— TASK PROMPT —
In the data below, repeat the line containing "Included. C172M McCauley" and every following line exactly, up to and including the last line. Exclude pictures.

— STORED DATA —
================================
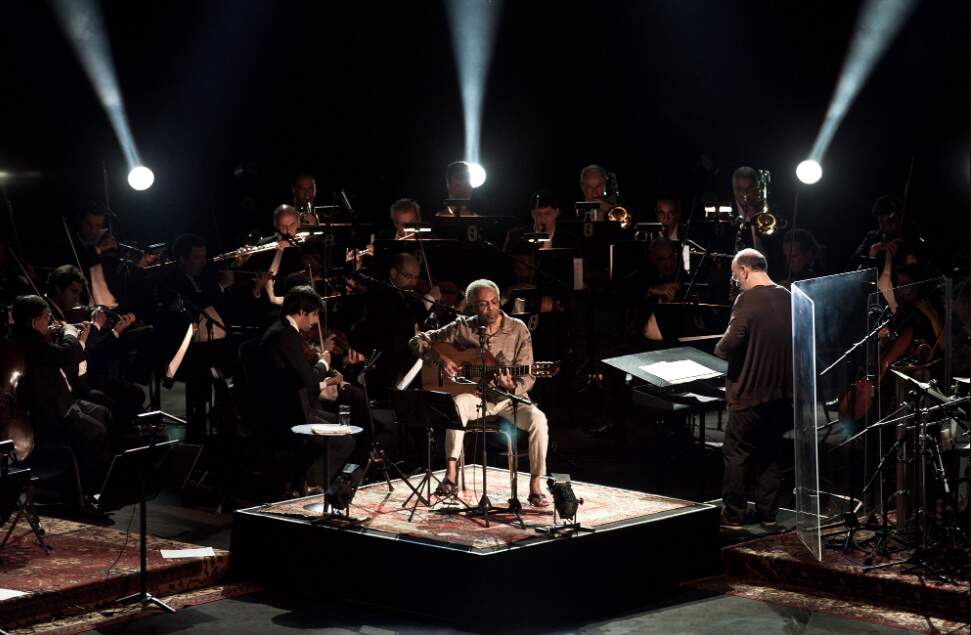 Show foi gravado por Gil em 2012 com a orquestra da Petrobras Sinfônica e está disponível no YouTube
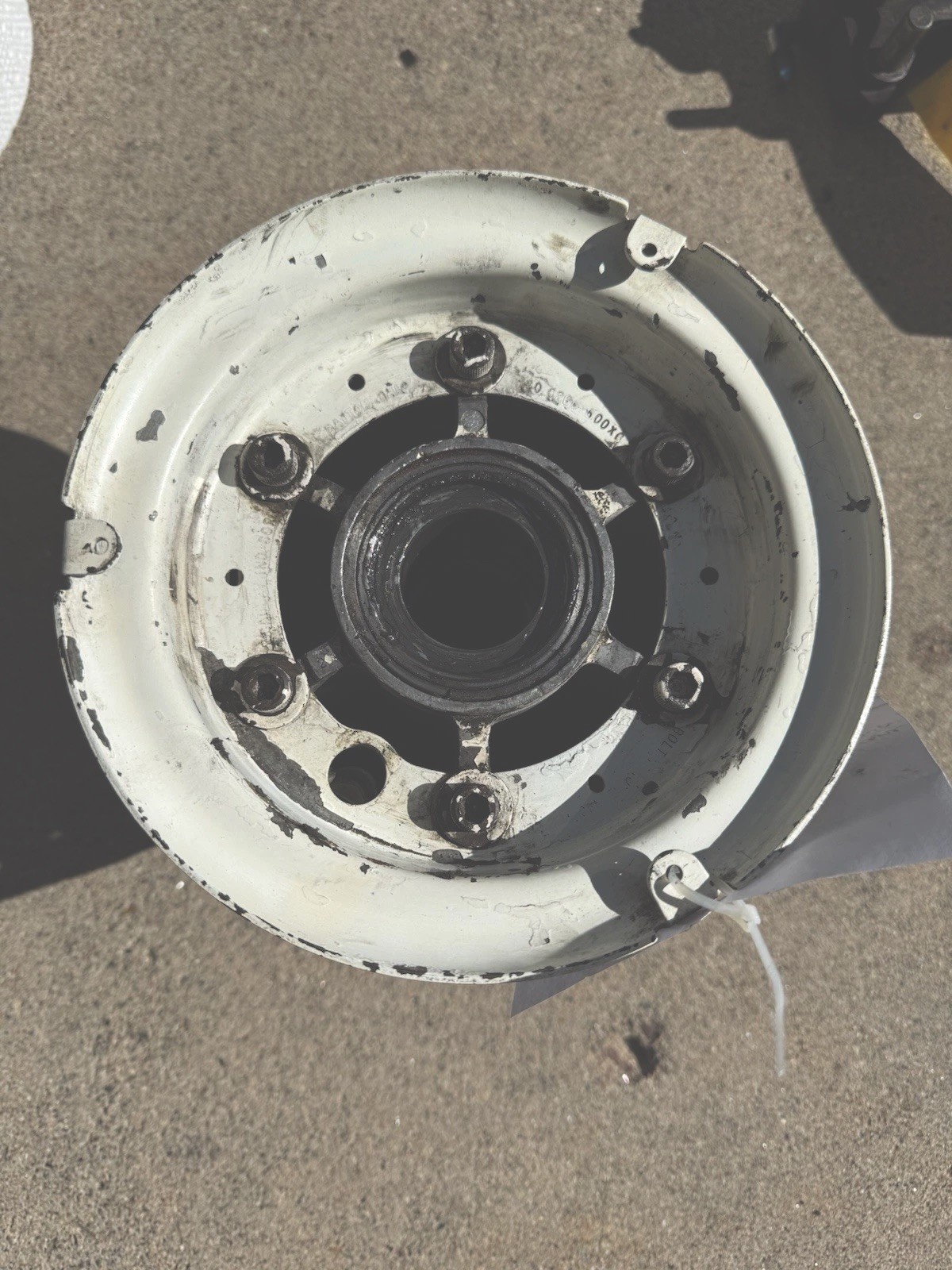 McCauley Main Gear Wheel 6.00 X 6 Part# C163003-0101 Bearings Included. C172M McCauley Main Gear Wheel 6.00 X 6 Part# C163003-0101 Bearings Included. C172M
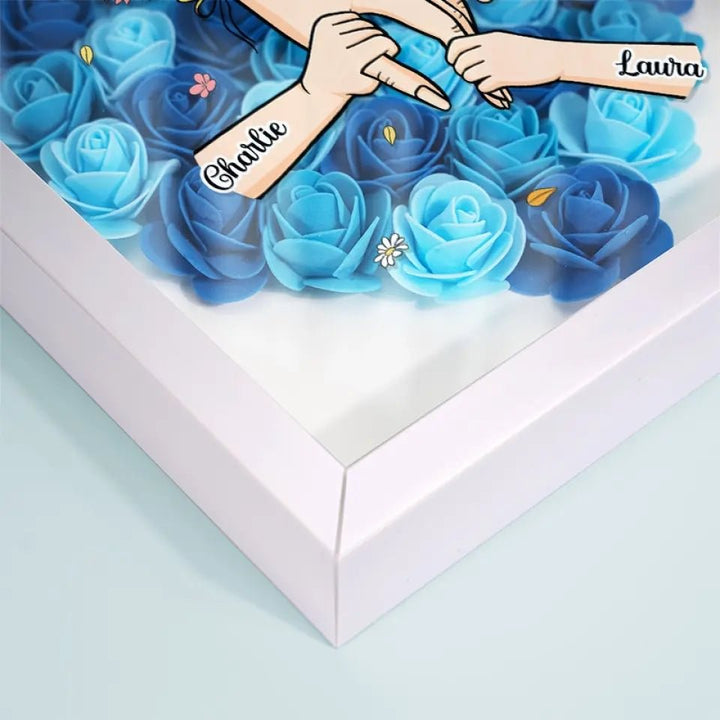 Shadow box design floral, personnalisée pour Maman avec noms et message. Un souvenir précieux et unique.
================================
— TASK RESULT —
 McCauley Main Gear Wheel 6.00 X 6 Part# C163003-0101 Bearings Included. C172M McCauley Main Gear Wheel 6.00 X 6 Part# C163003-0101 Bearings Included. C172M
 Shadow box design floral, personnalisée pour Maman avec noms et message. Un souvenir précieux et unique.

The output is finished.